Mon administration a donc adopté depuis plusieurs années, depuis le temps où M. Bayrou était ministre de l'éducation nationale, une méthode qui consiste à donner une dotation de base et à dire à ceux qui veulent complexifier les concours qu'ils doivent trouver le financement correspondant sur leurs fonds propres. C'est une méthode de gestion qui en vaut une autre !
Le problème, c'est que, les concours étant gérés par les directeurs d'école eux-mêmes, certaines initiatives ont été prises qui ne me paraissent pas heureuses. Il en est ainsi de celle qui consiste à ne corriger qu'une partie des disciplines et à décréter, sur cette base, une préadmissibilité. En effet, outre le fait que cette initiative ne fait pas faire des économies fantastiques, elle me paraît modifier les conditions du concours. Me souciant d'abord de l'intérêt des élèves, j'ai donc demandé aux directeurs d'école concernés de rapporter la mesure. Par conséquent, là encore, il n'y a pas de menaces.
En fait, il y a beaucoup de fantasmes, dus notamment au fait suivant. Pour certains concours, on compte plusieurs milliers de candidats, si bien que, contrairement à ce qui se passait avant, il y a non plus un jury mais plusieurs. Outre les problèmes de coût, le système atteint donc maintenant ses limites physiques.
Aussi, les directeurs d'école - je dis bien « les directeurs d'école », et non pas le ministère - sont-ils amenés à trouver des formules nouvelles pour faire passer les concours.
Cela n'enlève rien à l'idée que l'on se fait du concours puisqu'il s'agit simplement de modalités.
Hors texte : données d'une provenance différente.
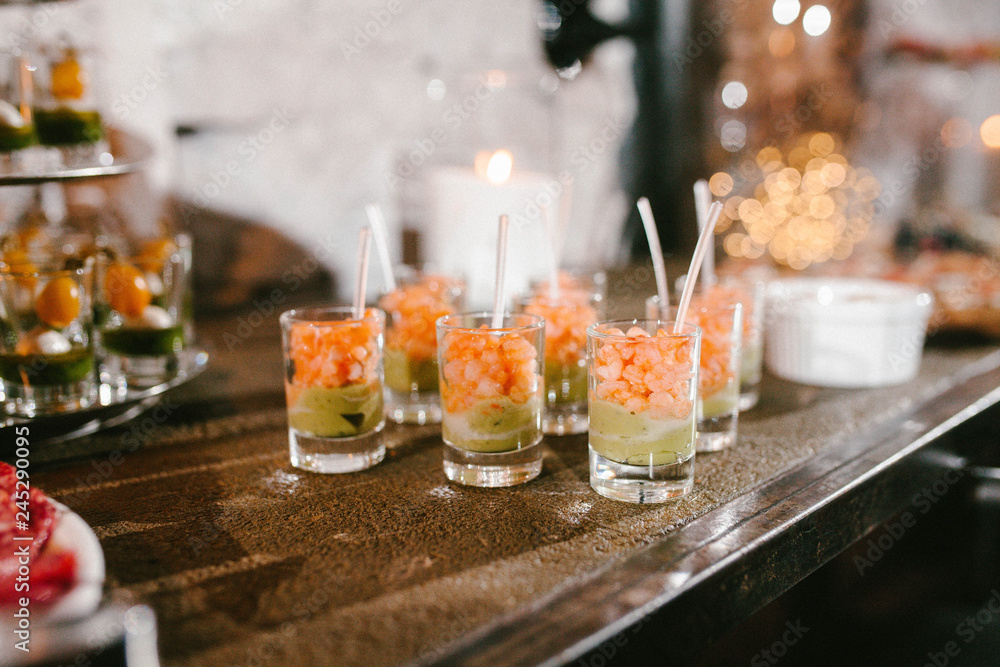 appetizer with shrimp and avocado in a glass, buffet table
Pour ma part, je souhaite qu'il y ait davantage de concertation entre les directeurs d'école et les professeurs de classes préparatoires, car, encore une fois, dans cette affaire, le ministère n'est qu'un « marieur » en quelque sorte, et je ne voudrais pas que, pour ne pas régler des problèmes qui sont des problèmes bilatéraux, on se tourne à chaque fois vers le haut, car c'est exactement à l'opposé de ma méthode : je souhaite que les gens discutent entre eux et que le ministère s'en mêle le moins possible.
Pour ce qui est des classes qui ne comptent « que quinze élèves », on ne peut que constater que certaines classes préparatoires ne sont pas assez nombreuses. Ces classes, je ne souhaite pas les supprimer. Je souhaite, au contraire, qu'elles accueillent plus de monde, car la formation qui y est dispensée est très utile.
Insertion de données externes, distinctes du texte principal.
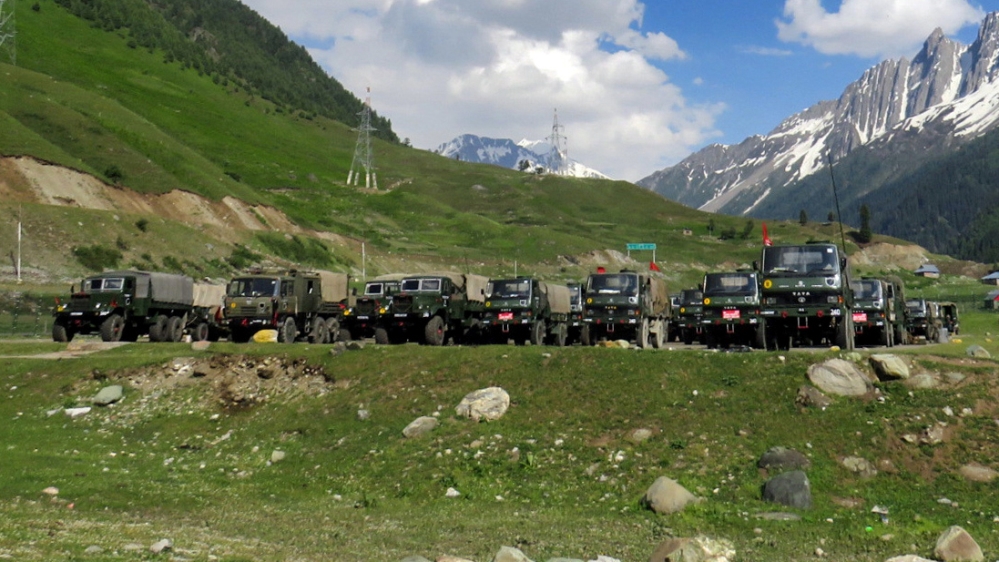 Indian army soldiers walk past their parked trucks at a makeshift transit camp before heading to Ladakh, near Baltal, southeast of Srinagar, June 16, 2020. REUTERS/Stringer NO RESALES. NO ARCHIVES. TP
On m'a très souvent entendu vanter - il y a donc bien des fantasmes ! - la qualité des classes de khâgne, qui assurent une formation littéraire très large, alors que nous n'arrivons pas, à l'Université, à proposer cette formation très large dans les DEUG littéraires parce que les professeurs veulent absolument des spécialisations étroites.
Il y a donc non pas des menaces mais une certaine auto-intoxication d'un milieu quelque peu restreint qui est atteint dans son portefeuille, et qui proteste. C'est là un droit que je lui reconnais pleinement mais, pour autant, ils ne doivent pas avancer des arguments qui n'ont pas de fondement.
M. Jean-Louis Lorrain. Je demande la parole.
M. le président. La parole est à M. Jean-Louis Lorrain.
M. Jean-Louis Lorrain. Monsieur le ministre, je vous remercie de la tonalité de votre intervention, qui m'a touché.
Je n'avais pas du tout l'intention de donner des leçons. Croyez que je m'en garderai bien !
Je partage tout à fait votre avis sur les frais d'examen, les frais de reconnaissance de tel ou tel établissement, pour être moi-même, modestement, président du conseil d'administration d'une école d'ingénieurs.
Au travers de ma question, je voulais simplement lancer un cri. En effet, certains d'entre nous, dans notre catégorie, éprouvent parfois le besoin d'être reconnus pour être dynamisés.
Vous ne partagez pas du tout, me semble-t-il, l'idée d'un élitisme restrictif. Notre pays a besoin d'une élite, même s'il est vrai qu'il faut se soucier aussi de ceux qui n'ont pas la possibilité ou les moyens d'en faire partie.